WORK TO COMPLETE –
Print, exactly and without pictures, the lines from the one where "Ofertas Soriana Mercado" appears down to the end of the entries.

==============================

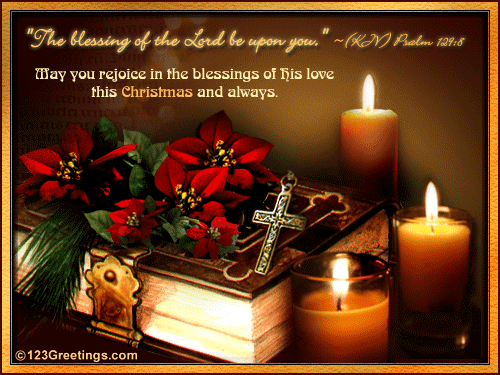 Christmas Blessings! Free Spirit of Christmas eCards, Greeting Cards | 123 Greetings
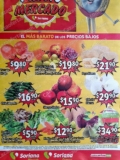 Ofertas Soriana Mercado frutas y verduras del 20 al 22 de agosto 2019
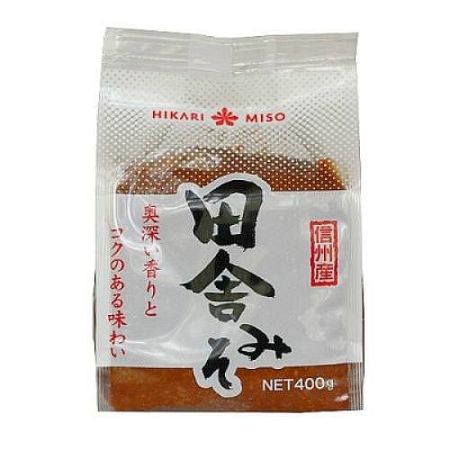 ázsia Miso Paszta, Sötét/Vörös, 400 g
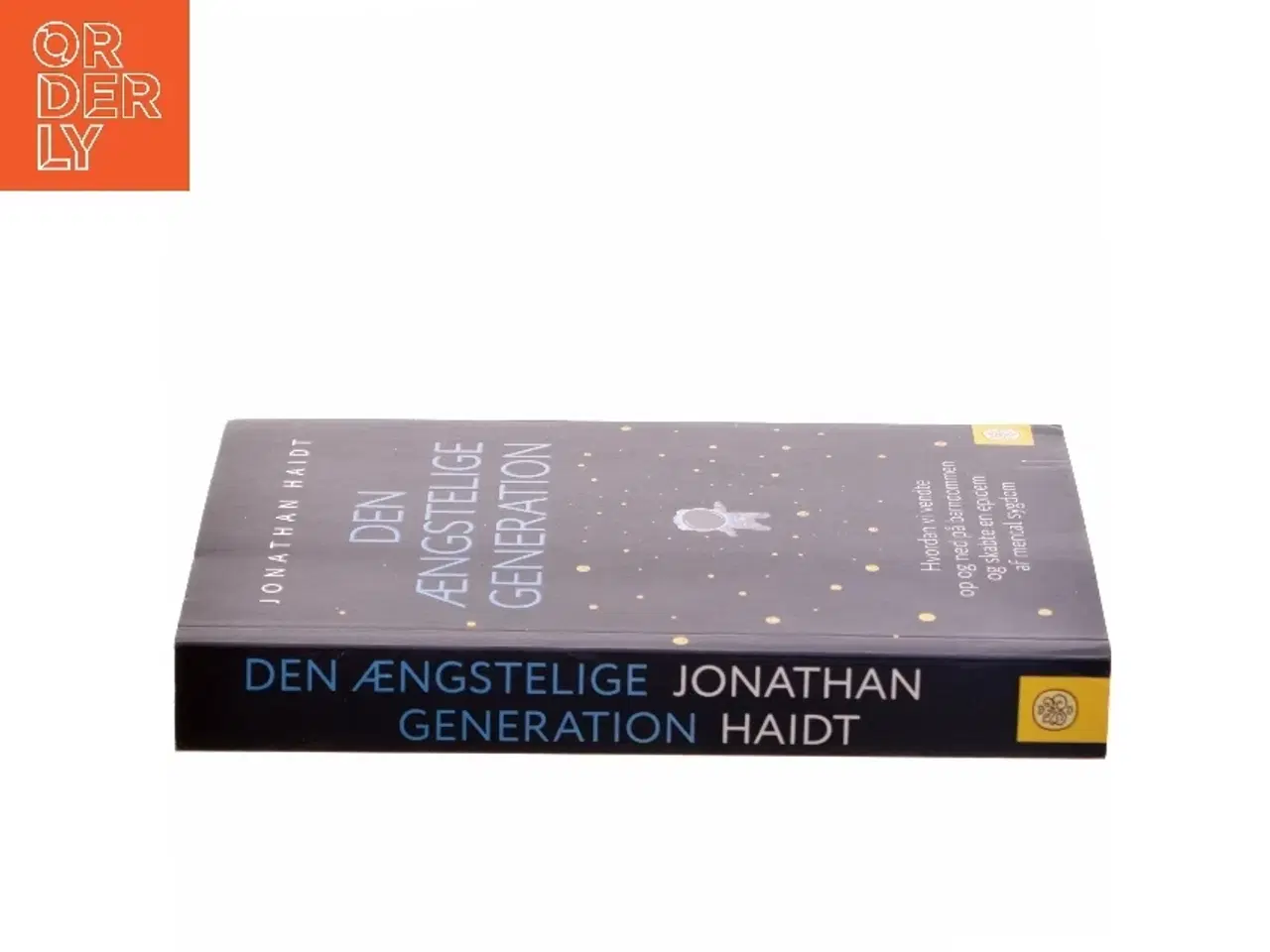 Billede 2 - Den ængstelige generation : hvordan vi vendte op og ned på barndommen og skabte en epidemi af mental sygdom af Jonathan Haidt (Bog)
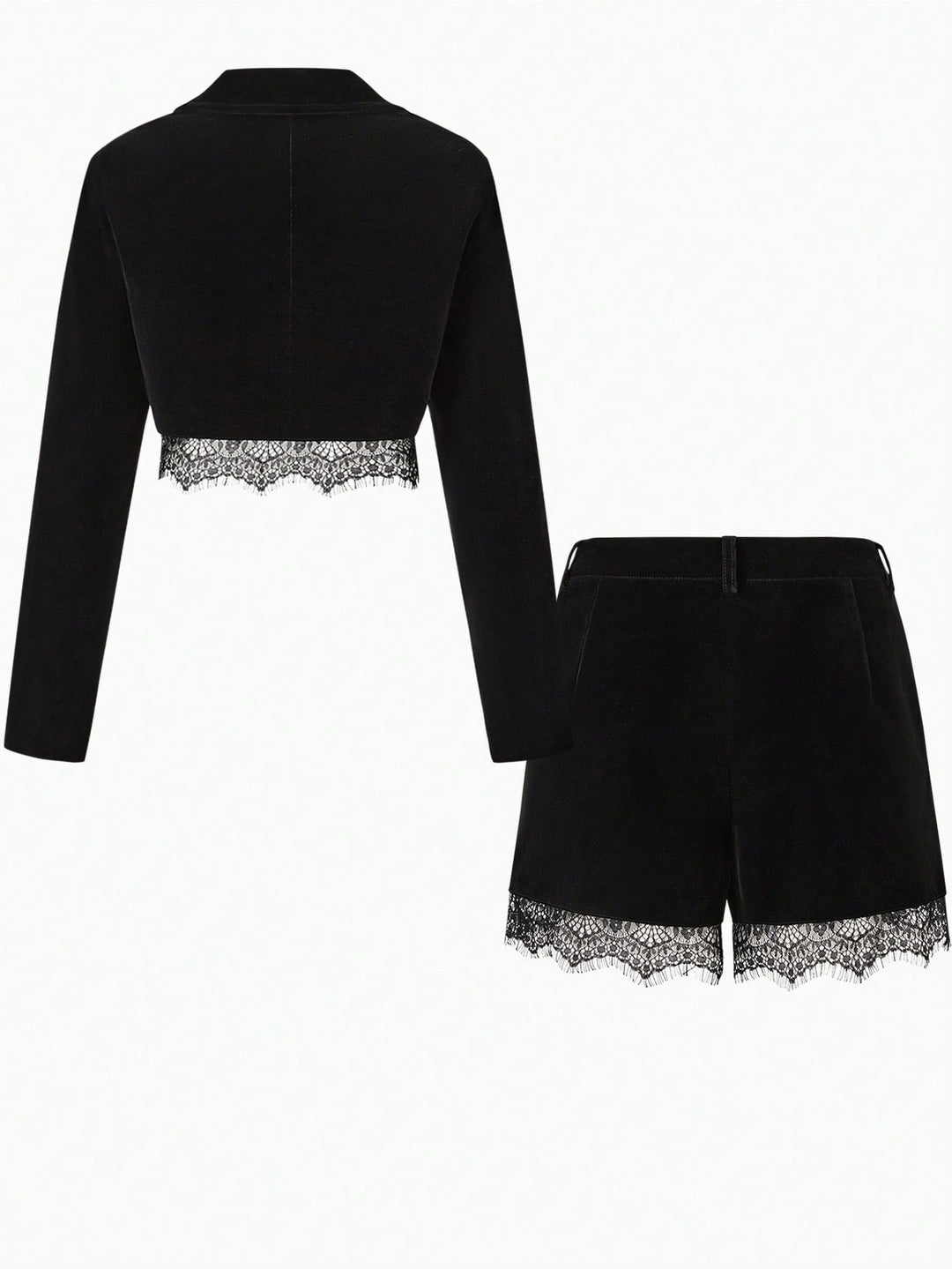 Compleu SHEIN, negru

==============================

EXERCISE ANSWER –
 Ofertas Soriana Mercado frutas y verduras del 20 al 22 de agosto 2019
 ázsia Miso Paszta, Sötét/Vörös, 400 g
 Billede 2 - Den ængstelige generation : hvordan vi vendte op og ned på barndommen og skabte en epidemi af mental sygdom af Jonathan Haidt (Bog)
 Compleu SHEIN, negru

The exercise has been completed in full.